Jim Rohn's Cultivating an Unshakable Character



My re-transcription of Jim Rohn's conclusion to Cultivating an Unshakable Character:

In a sense , when committing to one of the traits below you're making an investment. If you start living in a way that runs counter to those traits you loose an investment. No one likes to lose an investment, once that starts to happen it's not long before you're broke.

These are the essential traits of an Unshakable Character:

Courage - It's not the absence of fear, but the presence of fear for the right reason at the right time and of the right thing. We should not fear failure per se, but fear failure to do our best, fear failure to live up to the ideals we set up for ourselves. Embrace your fear, take it inside yourself, use it as a foundation for true courage.

Honesty and Integrity - Telling the truth can be painful just as paying a debt can be painful. There is a temptation to hedge and equivocate, just like temptation to run up a large balance on a credit card. But credit buying doesn't make long term sense, either in finance or ethics. Interest charges will eat you up, in the first case it's "just" your bank balance that gets destroyed, in the second case it's your soul that gets eaten up.

Perseverance - Reserve of energy is the mark of strong character. Successful people manage to reach down into themselves for the strength to overcome any challenge, whether internal or external.

Goals - Important as a net or a baseline, or the ability to keep score is important in tennis, you may become an excellent player without knowing them but it's not likely, anyway how will you know?

Responsibility - Most people will do almost anything to avoid it. Individuals who seek out responsibility, those who want the ball when the game is on the line, can gain material and spiritual rewards that naturally flow from strong character and the glory that comes with leadership.

Wisdom - Desire for it can never be satisfied, and why that very impossibility makes wisdom even more desirable to those who truly love it.

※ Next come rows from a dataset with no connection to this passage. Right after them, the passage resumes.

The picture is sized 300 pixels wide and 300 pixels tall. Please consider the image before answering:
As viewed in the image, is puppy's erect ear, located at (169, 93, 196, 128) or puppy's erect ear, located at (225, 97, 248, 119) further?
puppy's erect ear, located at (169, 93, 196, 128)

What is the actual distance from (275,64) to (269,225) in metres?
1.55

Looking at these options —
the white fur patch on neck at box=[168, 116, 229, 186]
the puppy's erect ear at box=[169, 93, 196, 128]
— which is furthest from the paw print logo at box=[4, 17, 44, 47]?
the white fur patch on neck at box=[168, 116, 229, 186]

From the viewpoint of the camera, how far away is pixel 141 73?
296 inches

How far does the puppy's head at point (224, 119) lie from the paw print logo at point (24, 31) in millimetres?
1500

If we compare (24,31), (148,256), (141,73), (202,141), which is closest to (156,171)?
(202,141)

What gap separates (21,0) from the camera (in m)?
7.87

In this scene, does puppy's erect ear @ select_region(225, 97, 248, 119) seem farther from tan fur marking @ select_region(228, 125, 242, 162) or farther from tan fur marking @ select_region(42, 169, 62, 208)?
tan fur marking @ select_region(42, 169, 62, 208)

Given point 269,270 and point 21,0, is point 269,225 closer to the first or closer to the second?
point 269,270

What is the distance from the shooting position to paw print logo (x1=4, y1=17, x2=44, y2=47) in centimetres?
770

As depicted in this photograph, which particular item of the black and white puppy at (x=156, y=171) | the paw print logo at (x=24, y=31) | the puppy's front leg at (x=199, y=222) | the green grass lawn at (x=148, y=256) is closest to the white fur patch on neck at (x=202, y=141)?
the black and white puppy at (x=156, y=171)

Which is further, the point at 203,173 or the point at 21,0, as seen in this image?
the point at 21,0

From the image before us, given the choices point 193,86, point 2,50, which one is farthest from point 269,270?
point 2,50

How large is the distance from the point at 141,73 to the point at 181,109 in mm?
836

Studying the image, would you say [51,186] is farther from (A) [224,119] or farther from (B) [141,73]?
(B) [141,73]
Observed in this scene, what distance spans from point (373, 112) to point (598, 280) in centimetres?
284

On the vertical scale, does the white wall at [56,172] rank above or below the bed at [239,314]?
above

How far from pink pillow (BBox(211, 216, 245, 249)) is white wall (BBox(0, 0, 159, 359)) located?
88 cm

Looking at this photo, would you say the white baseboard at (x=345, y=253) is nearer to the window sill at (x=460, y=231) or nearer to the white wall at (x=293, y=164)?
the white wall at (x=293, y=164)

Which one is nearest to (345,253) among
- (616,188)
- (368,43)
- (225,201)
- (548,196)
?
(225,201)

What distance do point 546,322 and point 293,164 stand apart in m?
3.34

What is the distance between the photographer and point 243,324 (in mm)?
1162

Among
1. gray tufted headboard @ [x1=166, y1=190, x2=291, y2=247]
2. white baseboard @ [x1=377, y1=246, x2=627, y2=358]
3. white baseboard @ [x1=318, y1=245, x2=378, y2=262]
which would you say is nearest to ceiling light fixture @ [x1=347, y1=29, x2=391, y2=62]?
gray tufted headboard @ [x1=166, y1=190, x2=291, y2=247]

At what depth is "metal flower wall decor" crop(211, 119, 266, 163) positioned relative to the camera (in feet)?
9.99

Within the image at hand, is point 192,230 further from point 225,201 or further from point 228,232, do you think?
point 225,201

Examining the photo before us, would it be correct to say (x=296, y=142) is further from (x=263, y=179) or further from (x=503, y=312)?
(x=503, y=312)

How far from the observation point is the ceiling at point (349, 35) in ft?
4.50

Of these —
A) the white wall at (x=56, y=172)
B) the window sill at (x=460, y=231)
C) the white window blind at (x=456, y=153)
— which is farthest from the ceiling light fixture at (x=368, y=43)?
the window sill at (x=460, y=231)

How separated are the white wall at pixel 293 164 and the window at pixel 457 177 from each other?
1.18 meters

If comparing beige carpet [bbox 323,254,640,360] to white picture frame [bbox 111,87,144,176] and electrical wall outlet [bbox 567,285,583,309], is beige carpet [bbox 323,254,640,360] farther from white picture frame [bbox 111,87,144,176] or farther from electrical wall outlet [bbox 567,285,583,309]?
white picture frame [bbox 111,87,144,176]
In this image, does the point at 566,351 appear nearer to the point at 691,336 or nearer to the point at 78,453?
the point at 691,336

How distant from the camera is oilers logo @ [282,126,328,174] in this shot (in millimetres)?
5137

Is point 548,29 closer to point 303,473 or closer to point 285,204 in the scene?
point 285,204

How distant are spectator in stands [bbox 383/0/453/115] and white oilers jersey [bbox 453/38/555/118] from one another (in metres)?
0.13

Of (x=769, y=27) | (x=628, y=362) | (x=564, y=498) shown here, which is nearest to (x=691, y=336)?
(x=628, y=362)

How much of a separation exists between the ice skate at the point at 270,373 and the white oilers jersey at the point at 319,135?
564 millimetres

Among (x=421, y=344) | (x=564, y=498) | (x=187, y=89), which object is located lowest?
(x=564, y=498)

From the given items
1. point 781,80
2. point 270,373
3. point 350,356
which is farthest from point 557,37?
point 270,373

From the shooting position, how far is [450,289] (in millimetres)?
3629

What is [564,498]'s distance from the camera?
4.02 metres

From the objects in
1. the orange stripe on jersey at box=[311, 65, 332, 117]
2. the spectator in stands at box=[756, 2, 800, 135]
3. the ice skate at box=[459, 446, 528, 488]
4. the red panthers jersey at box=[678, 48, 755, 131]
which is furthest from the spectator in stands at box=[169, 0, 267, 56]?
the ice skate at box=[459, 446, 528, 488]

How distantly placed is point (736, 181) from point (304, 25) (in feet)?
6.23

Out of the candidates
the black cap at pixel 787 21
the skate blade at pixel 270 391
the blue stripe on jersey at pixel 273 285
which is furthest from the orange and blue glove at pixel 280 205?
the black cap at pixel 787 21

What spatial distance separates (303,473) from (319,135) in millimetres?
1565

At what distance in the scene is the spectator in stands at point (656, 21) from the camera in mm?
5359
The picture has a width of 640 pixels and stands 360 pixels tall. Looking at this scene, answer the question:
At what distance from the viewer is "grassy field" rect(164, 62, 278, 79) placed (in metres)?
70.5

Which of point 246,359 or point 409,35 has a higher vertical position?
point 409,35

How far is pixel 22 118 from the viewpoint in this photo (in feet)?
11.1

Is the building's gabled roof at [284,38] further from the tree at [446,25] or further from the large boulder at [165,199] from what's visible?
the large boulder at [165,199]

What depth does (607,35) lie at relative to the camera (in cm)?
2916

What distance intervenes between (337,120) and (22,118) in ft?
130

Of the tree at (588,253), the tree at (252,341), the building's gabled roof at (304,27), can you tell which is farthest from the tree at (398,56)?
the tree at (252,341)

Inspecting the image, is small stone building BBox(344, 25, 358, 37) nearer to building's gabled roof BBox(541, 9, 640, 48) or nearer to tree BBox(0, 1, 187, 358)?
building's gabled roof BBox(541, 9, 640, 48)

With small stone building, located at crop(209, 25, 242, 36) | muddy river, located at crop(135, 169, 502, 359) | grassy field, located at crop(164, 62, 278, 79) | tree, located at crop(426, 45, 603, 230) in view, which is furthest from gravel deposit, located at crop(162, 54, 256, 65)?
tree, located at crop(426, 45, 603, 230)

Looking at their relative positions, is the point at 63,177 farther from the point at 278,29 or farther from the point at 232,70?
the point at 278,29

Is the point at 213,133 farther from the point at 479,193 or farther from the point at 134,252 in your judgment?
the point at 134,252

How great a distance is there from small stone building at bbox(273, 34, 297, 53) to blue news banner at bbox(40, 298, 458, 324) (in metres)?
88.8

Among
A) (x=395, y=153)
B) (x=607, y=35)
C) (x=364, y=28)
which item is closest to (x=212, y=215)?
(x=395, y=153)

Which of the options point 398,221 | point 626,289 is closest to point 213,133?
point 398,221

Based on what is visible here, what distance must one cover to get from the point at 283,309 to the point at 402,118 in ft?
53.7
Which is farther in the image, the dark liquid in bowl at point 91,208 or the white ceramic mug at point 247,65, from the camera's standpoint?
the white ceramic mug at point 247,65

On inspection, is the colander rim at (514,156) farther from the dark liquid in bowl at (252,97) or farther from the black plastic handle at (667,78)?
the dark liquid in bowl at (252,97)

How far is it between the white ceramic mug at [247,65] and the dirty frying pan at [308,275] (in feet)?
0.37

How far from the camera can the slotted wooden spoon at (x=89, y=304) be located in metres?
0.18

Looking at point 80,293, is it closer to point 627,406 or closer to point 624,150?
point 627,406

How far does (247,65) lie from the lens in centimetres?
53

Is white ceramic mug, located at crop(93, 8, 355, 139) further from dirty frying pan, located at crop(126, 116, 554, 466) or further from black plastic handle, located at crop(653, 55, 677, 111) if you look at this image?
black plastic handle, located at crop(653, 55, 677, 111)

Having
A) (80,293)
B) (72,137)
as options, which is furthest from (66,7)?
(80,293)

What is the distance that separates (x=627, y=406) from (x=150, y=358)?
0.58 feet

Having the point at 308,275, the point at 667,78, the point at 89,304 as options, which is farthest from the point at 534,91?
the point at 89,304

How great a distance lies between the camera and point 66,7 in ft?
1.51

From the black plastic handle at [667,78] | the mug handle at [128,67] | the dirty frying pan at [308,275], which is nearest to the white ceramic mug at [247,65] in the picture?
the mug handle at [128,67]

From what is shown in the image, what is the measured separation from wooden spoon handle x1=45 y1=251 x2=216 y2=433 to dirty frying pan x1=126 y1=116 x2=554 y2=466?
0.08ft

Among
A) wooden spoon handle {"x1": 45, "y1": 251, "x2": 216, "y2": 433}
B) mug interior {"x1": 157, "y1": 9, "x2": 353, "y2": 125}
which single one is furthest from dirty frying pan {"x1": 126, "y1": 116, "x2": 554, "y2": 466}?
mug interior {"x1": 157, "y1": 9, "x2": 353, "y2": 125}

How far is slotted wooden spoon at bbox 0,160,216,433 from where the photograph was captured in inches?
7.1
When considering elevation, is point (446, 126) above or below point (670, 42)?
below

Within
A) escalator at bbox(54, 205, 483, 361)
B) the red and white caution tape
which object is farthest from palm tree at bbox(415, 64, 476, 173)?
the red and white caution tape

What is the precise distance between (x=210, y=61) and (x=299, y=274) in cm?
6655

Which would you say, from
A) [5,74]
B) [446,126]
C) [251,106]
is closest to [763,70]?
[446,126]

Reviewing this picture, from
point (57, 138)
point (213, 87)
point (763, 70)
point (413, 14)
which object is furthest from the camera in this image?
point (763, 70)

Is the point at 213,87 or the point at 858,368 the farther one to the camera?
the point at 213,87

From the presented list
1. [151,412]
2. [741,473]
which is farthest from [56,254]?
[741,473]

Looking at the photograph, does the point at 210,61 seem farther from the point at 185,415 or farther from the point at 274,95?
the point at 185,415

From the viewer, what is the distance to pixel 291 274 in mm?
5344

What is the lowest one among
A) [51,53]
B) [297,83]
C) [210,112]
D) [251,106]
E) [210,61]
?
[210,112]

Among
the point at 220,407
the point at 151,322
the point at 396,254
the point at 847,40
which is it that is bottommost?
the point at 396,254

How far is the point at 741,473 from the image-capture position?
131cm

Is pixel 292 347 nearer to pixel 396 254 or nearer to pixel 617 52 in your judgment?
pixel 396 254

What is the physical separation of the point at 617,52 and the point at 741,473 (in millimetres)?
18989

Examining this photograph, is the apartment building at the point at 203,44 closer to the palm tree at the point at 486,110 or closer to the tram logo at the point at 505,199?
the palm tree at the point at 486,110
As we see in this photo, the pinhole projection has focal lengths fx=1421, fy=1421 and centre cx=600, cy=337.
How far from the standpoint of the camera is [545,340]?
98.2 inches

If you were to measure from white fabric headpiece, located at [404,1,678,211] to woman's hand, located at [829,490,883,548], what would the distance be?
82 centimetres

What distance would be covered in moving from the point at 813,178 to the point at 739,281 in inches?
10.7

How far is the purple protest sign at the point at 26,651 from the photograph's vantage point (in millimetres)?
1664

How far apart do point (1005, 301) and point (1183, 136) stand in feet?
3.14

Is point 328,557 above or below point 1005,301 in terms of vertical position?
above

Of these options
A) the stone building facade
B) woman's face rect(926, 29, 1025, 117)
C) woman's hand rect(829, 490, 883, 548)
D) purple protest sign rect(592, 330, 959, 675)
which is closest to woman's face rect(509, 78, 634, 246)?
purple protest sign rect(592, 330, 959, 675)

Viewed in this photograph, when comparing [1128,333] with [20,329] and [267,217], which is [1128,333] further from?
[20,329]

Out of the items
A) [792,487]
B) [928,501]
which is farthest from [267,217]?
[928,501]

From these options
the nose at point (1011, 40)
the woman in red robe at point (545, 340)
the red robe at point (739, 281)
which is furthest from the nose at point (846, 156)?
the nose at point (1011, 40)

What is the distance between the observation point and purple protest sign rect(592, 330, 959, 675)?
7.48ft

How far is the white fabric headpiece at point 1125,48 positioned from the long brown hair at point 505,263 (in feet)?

Act wisely - Example of Socrates and Salomon, united in their ability to act wisely. Why Socrates' seemingly foolish decision to die unnecessarily was really the fullest expression of his doctrine that Wisdom is knowing thyself.

Humor - Ability to laugh at oneself as evidence of trustworthiness and fundamental integrity. But humor must be handled carefully, the difference between saying something funny and being funny oneself should never be forgotten.

Flexibility - Strength without rigidity, recognizing what can be controlled and what is beyond our control, and behaving accordingly. It means playing the cards that we're dealt as best we can, and resisting the temptation to think that the deck is stacked against us.

Patience - Helps us to cope with unpredictability of fate, but allows to turn into the material of success. Quality that let's us enlist time as an ally, instead of fighting hopelessly against it as an adversary. It's the hallmark of true maturity, its presence distinguishes the strong character from the weak and the mature adult from from unfinished, unformed child whether he's 3 or 33.

Confidence - Intrinsic of character, and emotional commodity to be invested in others. Ability to inspire trust, but can only be achieved by trusting, both in yourself and in the people you meet. Your belief in yourself is strong enough so that the world itself seems safe and oriented towards your success. It's one aspect of strong character that can literally change the way we perceive reality.

Good health - Springs from wise choices. It's neither a religion diet exercise program, number of calories that we've consumed in a 24 hour period, rather it expresses an awareness of who we are and how we should live in the most fundamental sense.

Achievement - Identifies a strong character the same way blossoming fruit identifies a healthy tree.